The MCP Freemium Strategy
Plus: Updates from Hubspot, Miro, Monday, Pinecone, and Ahrefs.
Welcome back to Good Better Best.
Each week, we break down real pricing, packaging, and product moves from SaaS leaders and extract the ideas worth stealing.
This week, we’re digging into MCPs, and why companies are increasingly pushing MCP access into their free tiers. Since we just launched the PricingSaaS MCP, we wanted to dig into the different flavors of MCP, share how we’re thinking about it, and break down why we believe MCP access is a powerful way to drive free-to-paid conversion. First, the usual dose of pricing, packaging, and product news.
Let’s get to it.
PS. We’re hosting an Office Hours with Scott Woody, CEO of Metronome, on the latest best practices in AI pricing and packaging. Learn more and register here.
🔌 PricingSaaS Partners power the next era of SaaS pricing
This Week in Pricing, Packaging, and Product
Hubspot offered a free trial for its Customer Agent [Link]
Ahrefs created prompt packages for Radar AI [Link]
Miro raised prices on the Business plan [Link]
Monday created an Enterprise AI bundle [Link]
Renderforest raised the price of the Business AI plan [Link]
Acuity Scheduling tweaked calendar limits [Link]
Pinecone launched a HIPAA compliance add-on [Link]
Moz added AI visibility features [Link]
Vendr restructured its plans [Link]
FullStory launched a Guides and Surveys add-on [Link]
Check out more updates on PricingSaaS →
The MCP Freemium Strategy
When we first started seeing MCPs in the wild, it wasn’t immediately clear how companies would monetize them. Some companies gated them behind premium plans, others didn’t.

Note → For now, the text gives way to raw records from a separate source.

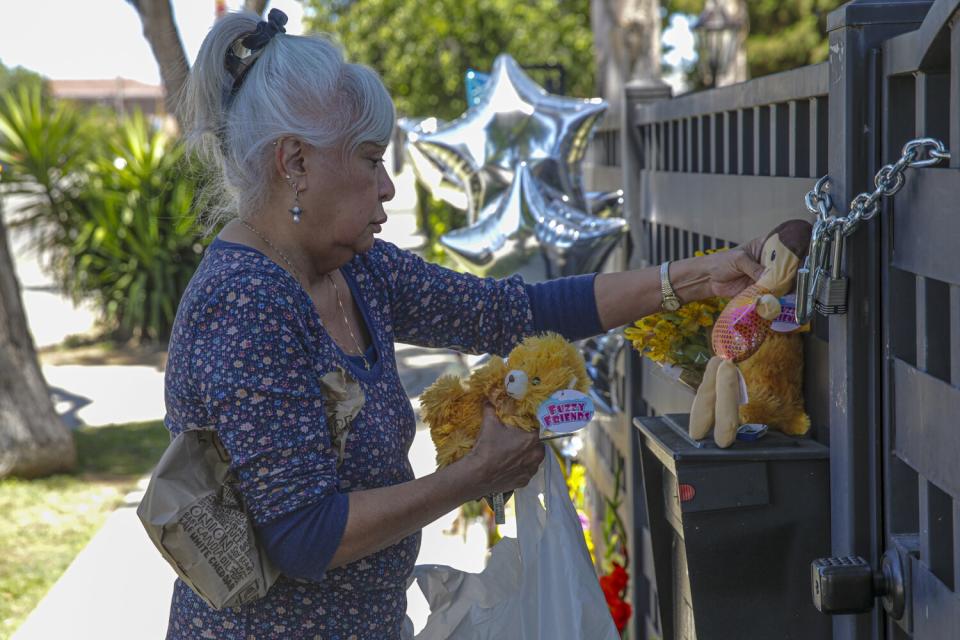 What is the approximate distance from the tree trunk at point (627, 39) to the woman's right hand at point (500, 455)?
8.33m

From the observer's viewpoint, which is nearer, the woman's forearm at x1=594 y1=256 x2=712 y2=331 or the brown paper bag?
the brown paper bag

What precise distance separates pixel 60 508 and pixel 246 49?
4859 mm

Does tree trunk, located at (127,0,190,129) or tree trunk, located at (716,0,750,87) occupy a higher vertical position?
tree trunk, located at (716,0,750,87)

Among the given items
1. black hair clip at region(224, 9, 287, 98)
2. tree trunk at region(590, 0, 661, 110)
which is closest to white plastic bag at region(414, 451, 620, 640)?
black hair clip at region(224, 9, 287, 98)

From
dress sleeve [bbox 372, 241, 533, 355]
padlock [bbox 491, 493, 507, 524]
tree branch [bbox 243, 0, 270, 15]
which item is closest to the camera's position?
padlock [bbox 491, 493, 507, 524]

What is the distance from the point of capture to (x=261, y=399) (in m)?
1.91

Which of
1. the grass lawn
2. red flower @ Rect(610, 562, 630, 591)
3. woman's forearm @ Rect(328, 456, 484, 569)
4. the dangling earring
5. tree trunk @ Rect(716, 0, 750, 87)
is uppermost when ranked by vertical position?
tree trunk @ Rect(716, 0, 750, 87)

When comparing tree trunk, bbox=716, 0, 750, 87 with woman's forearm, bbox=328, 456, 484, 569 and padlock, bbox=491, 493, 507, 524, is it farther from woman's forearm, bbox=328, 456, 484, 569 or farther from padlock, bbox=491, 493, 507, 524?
woman's forearm, bbox=328, 456, 484, 569

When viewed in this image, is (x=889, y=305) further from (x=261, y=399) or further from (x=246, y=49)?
(x=246, y=49)

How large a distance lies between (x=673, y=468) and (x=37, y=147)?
34.7 feet

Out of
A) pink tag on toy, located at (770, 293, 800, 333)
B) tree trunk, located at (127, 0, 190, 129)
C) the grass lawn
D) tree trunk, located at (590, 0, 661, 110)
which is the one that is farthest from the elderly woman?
tree trunk, located at (590, 0, 661, 110)

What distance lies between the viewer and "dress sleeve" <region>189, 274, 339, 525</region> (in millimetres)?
1910

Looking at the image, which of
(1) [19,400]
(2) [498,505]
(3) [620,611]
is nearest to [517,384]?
(2) [498,505]

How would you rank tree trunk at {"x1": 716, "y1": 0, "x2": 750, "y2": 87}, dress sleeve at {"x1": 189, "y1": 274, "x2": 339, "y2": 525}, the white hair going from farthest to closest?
tree trunk at {"x1": 716, "y1": 0, "x2": 750, "y2": 87}
the white hair
dress sleeve at {"x1": 189, "y1": 274, "x2": 339, "y2": 525} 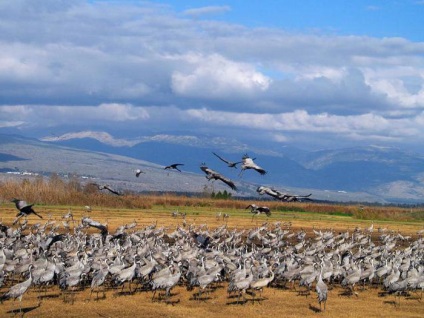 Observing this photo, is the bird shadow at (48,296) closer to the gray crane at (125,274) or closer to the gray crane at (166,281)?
the gray crane at (125,274)

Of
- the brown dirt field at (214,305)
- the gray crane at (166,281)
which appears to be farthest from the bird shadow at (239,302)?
the gray crane at (166,281)

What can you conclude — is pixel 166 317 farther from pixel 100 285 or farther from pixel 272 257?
pixel 272 257

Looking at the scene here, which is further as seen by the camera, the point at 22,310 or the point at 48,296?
the point at 48,296

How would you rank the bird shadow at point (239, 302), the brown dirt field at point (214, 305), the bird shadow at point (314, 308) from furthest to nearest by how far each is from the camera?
the bird shadow at point (239, 302)
the bird shadow at point (314, 308)
the brown dirt field at point (214, 305)

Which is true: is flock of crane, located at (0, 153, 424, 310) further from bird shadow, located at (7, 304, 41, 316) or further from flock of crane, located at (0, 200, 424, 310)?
bird shadow, located at (7, 304, 41, 316)

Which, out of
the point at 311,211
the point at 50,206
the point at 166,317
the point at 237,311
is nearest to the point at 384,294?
the point at 237,311

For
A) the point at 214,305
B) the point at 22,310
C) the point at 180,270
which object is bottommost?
→ the point at 22,310

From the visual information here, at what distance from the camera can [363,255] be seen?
96.9ft

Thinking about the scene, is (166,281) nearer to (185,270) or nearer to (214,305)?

But as adoption has accelerated, and AI-native workflows have become more normalized, it’s becoming clearer where MCPs fit in.
MCPs can function as a feature, a usage accelerant, or power agentic workflows, but perhaps most importantly, they’re shaping up to be a powerful distribution channel.
If you’re new to MCPs, the easiest starting point is APIs, but there’s an important difference.
APIs allow developers to connect their product to other products, enabling their tools to work together. This makes both tools stickier by embedding each in the other’s workflow.
MCPs allow you to expose your product to the LLMs, allowing Claude and ChatGPT users to embed your tools directly into their workflow. But they also allow the LLMs to call on your tool when a user is looking for help on a use case that you help solve. This makes MCPs a powerful discovery engine.
This post on Lenny’s Newsletter about ChatGPT apps really drove the discoverability point home for me. ChatGPT apps are built on the MCP standard, and to build an MCP, you need to equip it with tools.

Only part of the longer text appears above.